(Stored data entries)
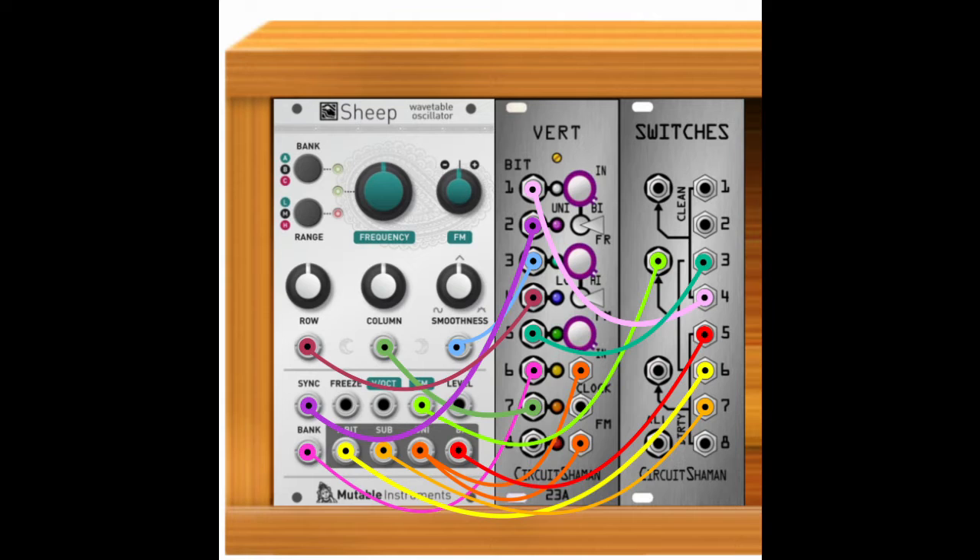Hello friends, Eli here with Mystic Circuits. I decided to upload the full recording of my entry to the three module challenge, where you must make a patch using only three modules. This is actually the sort of patch that I would make for fun, so I thought that it would be a good example of the way that I think about patching with the vert.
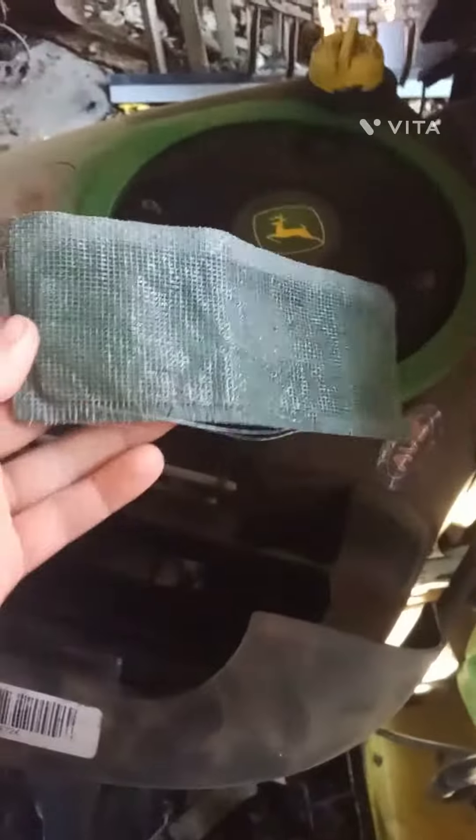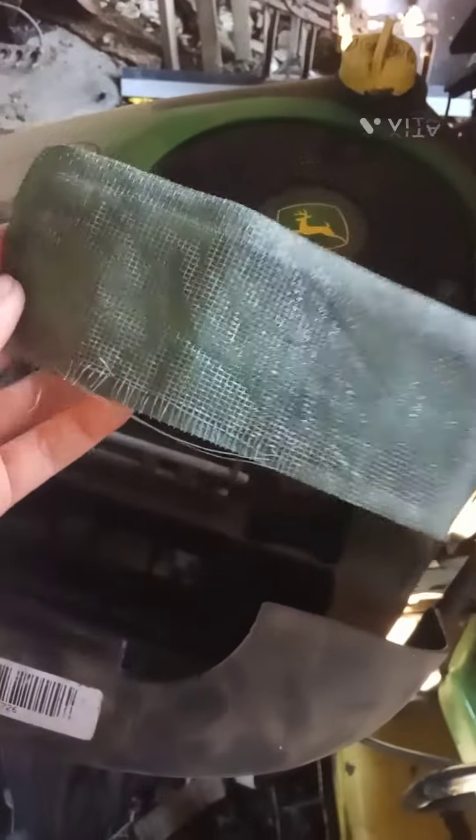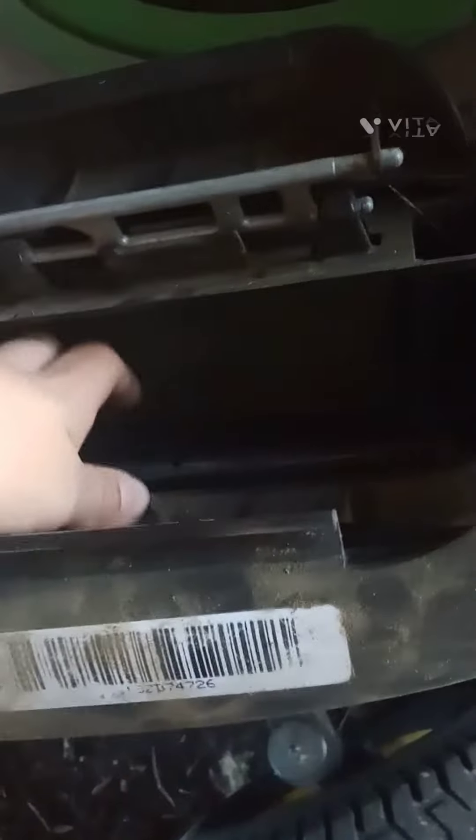Anyway, back to it — you should probably also check your pre-air filter too, and here you put that right there.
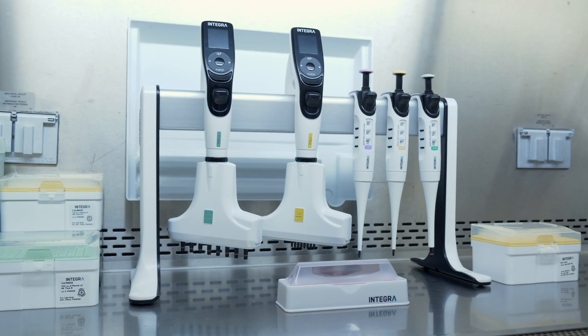Occasionally we use the Voyager for multiple dispensing, but really what we find it most helpful for is transitioning between plate formats.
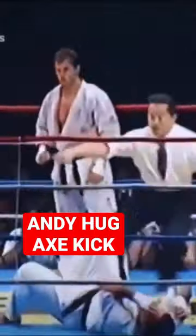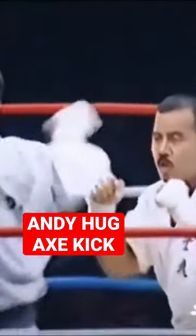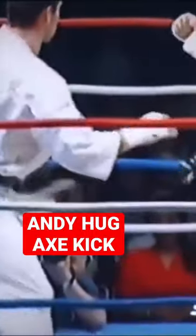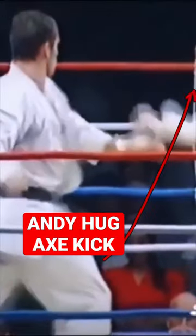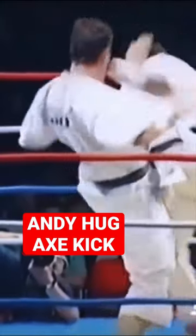The great Andy Hugg spins and arcs the weapon over the defenses, splitting the guard with his trademark axe kick. The hand steals attention as the hip rotates counterclockwise, causing the opponent to disengage. Now the same weapon, the left leg, will arc through and around and over to maximum extension, attacking from above, bludgeoning the skull with the calcaneus bone — a brilliant weapon from a master martial artist, Andy Hugg.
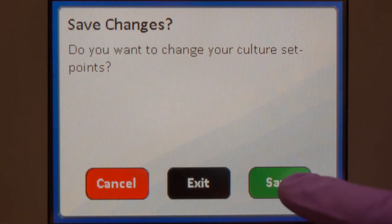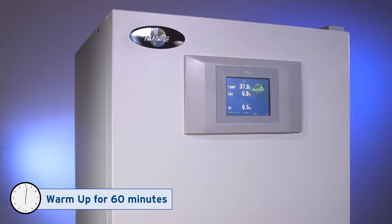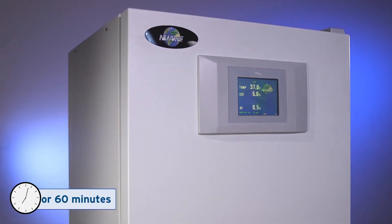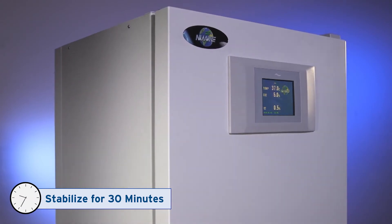Remember to save when you're done. Allow the system to warm up for 60 minutes. After reaching setpoint, wait an additional 30 minutes for the humidity to stabilize.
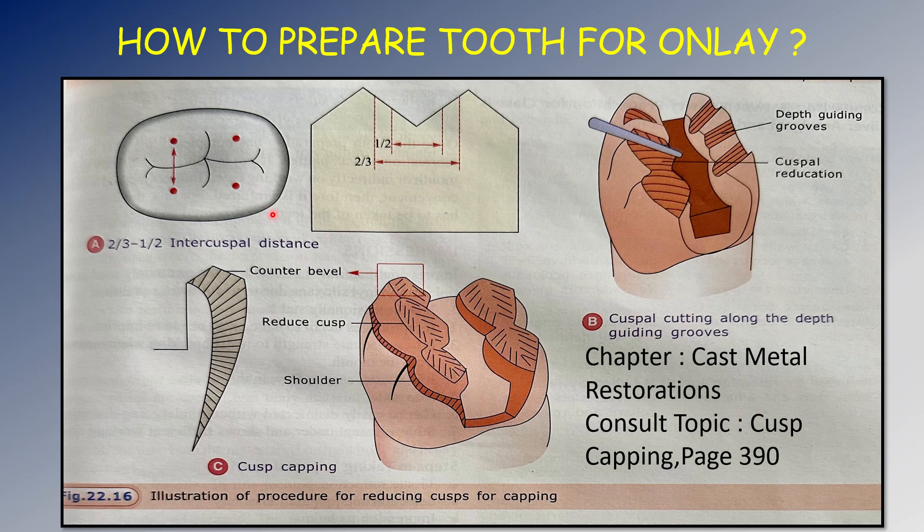The tooth was grossly decayed, therefore we had to go in for an onlay. The width of the cavity should be two-thirds to half the intercuspal distance — from one cusp tip to the other. Since the cusps are also involved, we first make depth guiding grooves using the side of the bur, and then cut along those grooves to reduce and prepare the cusps for cusp capping.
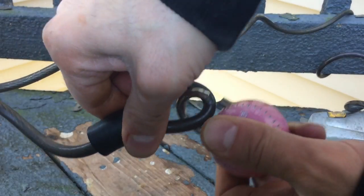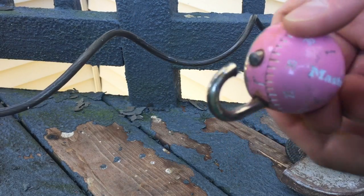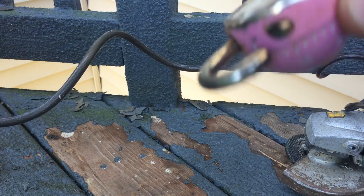There you go. There's your master lock without the combination. Not what you were expecting? It works.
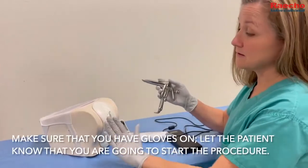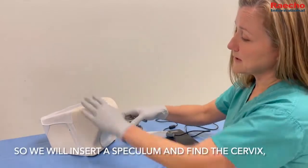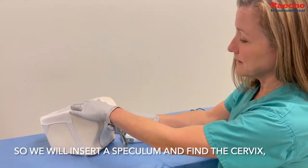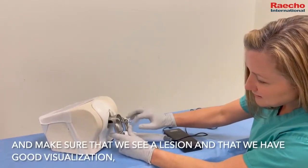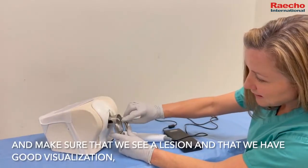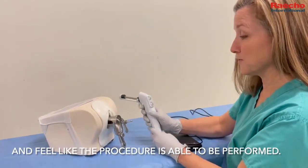Make sure that you have gloves on and let the patient know that you're going to start the procedure. Insert the speculum, find the cervix, make sure that you see a lesion, that you have good visualization, and feel that the procedure is able to be performed.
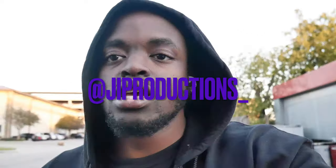Yo, what is good? Welcome back to another episode of J.I. Productions. It's your boy J.I. and I'm back at it again with another banger for you guys. Today's video is a very special video.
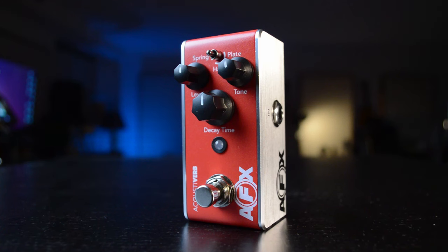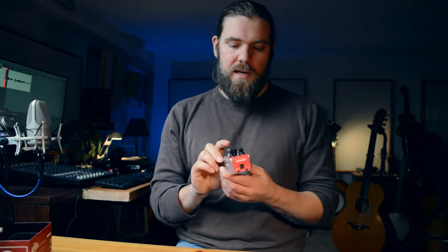This is the Fishman AFX Acoustiverb, and Fishman kindly sent me this pedal to do a review on, so thank you Fishman. This is a mini reverb pedal, but what's different about this compared to my other reverb pedal videos is that it's designed specifically for acoustic instruments, so it'll be really interesting to see what the difference is between this one and other reverb pedals primarily designed for electric guitars.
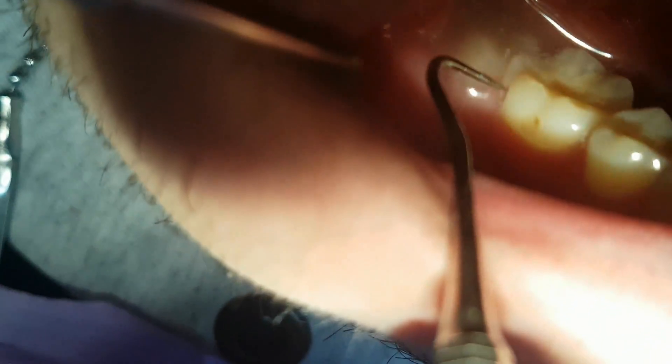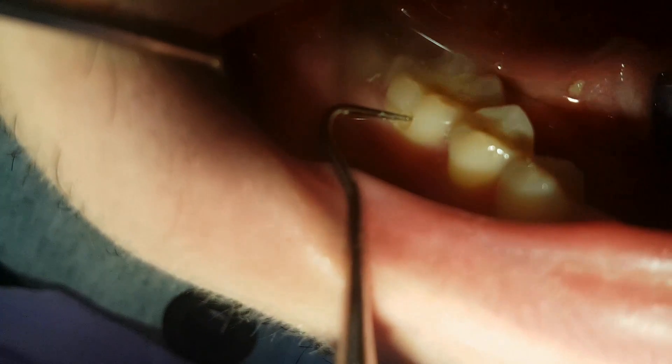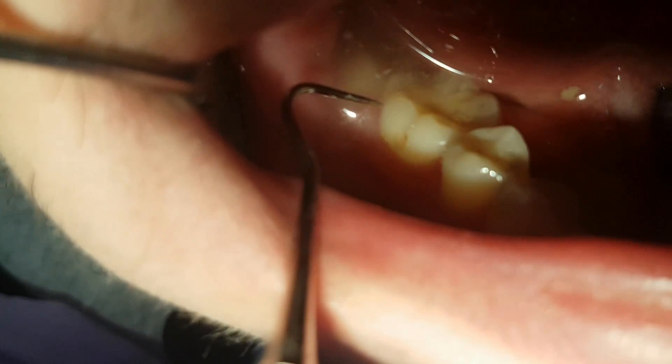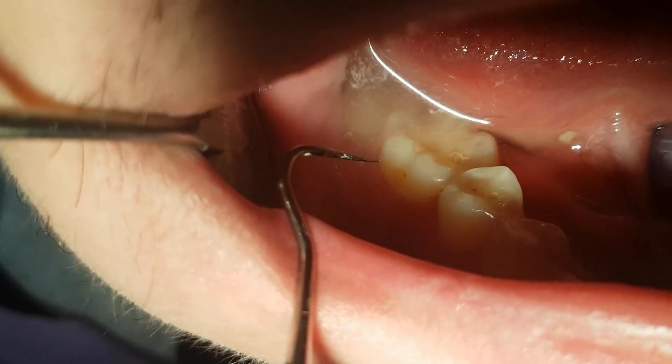Glass ionomer cements have the characteristic to bond with the dental tissue, allowing us to preserve the hard tissues of the tooth.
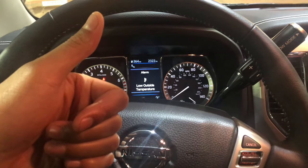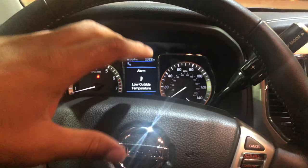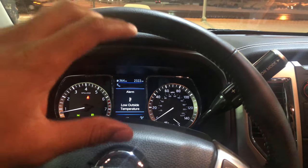Give me a thumbs up and subscribe to my channel, I appreciate it tremendously. Today I have a 2019 Nissan Titan and I'm going to show you where the tow mode button is located in this vehicle.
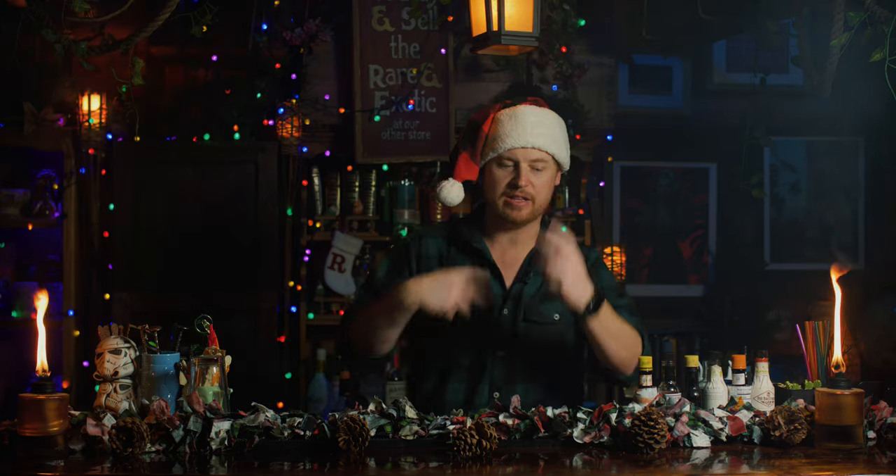Today's recipe comes to us from Alton Brown. I made a slight tweak. Alton Brown uses three boozes for eggnog instead of two like I'm using. He uses Jamaican rum, cognac, and bourbon. I nixed the cognac because I feel like it gets lost behind the bourbon and the rum.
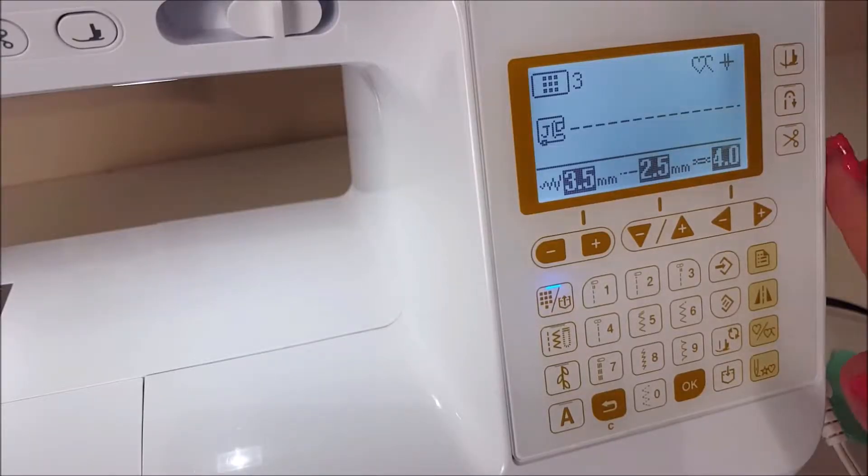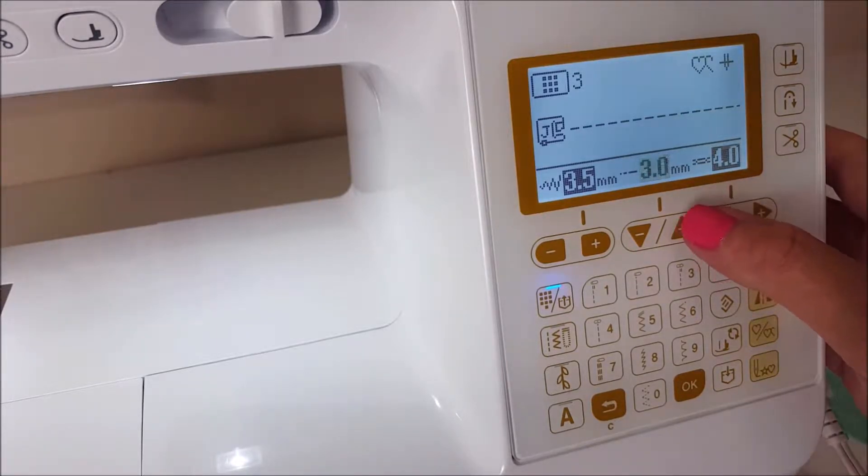I'm showing you on my Baby Lock Soprano, but you can do this on any machine. All we're going to do is make our stitch length the longest possible length on our machine.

Required action: Pictures stay out; reproduce every line of the records exactly.

Answer section:
Hello friends, Eli here with Mystic Circuits. I decided to upload the full recording of my entry to the three module challenge, where you must make a patch using only three modules. This is actually the sort of patch that I would make for fun, so I thought that it would be a good example of the way that I think about patching with the vert.
Anyway, back to it — you should probably also check your pre-air filter too, and here you put that right there.
Occasionally we use the Voyager for multiple dispensing, but really what we find it most helpful for is transitioning between plate formats.
The great Andy Hugg spins and arcs the weapon over the defenses, splitting the guard with his trademark axe kick. The hand steals attention as the hip rotates counterclockwise, causing the opponent to disengage. Now the same weapon, the left leg, will arc through and around and over to maximum extension, attacking from above, bludgeoning the skull with the calcaneus bone — a brilliant weapon from a master martial artist, Andy Hugg.
Remember to save when you're done. Allow the system to warm up for 60 minutes. After reaching setpoint, wait an additional 30 minutes for the humidity to stabilize.
The tooth was grossly decayed, therefore we had to go in for an onlay. The width of the cavity should be two-thirds to half the intercuspal distance — from one cusp tip to the other. Since the cusps are also involved, we first make depth guiding grooves using the side of the bur, and then cut along those grooves to reduce and prepare the cusps for cusp capping.
There you go. There's your master lock without the combination. Not what you were expecting? It works.
Make sure that you have gloves on and let the patient know that you're going to start the procedure. Insert the speculum, find the cervix, make sure that you see a lesion, that you have good visualization, and feel that the procedure is able to be performed.
Yo, what is good? Welcome back to another episode of J.I. Productions. It's your boy J.I. and I'm back at it again with another banger for you guys. Today's video is a very special video.
This is the Fishman AFX Acoustiverb, and Fishman kindly sent me this pedal to do a review on, so thank you Fishman. This is a mini reverb pedal, but what's different about this compared to my other reverb pedal videos is that it's designed specifically for acoustic instruments, so it'll be really interesting to see what the difference is between this one and other reverb pedals primarily designed for electric guitars.
Glass ionomer cements have the characteristic to bond with the dental tissue, allowing us to preserve the hard tissues of the tooth.
Give me a thumbs up and subscribe to my channel, I appreciate it tremendously. Today I have a 2019 Nissan Titan and I'm going to show you where the tow mode button is located in this vehicle.
Today's recipe comes to us from Alton Brown. I made a slight tweak. Alton Brown uses three boozes for eggnog instead of two like I'm using. He uses Jamaican rum, cognac, and bourbon. I nixed the cognac because I feel like it gets lost behind the bourbon and the rum.
I'm showing you on my Baby Lock Soprano, but you can do this on any machine. All we're going to do is make our stitch length the longest possible length on our machine.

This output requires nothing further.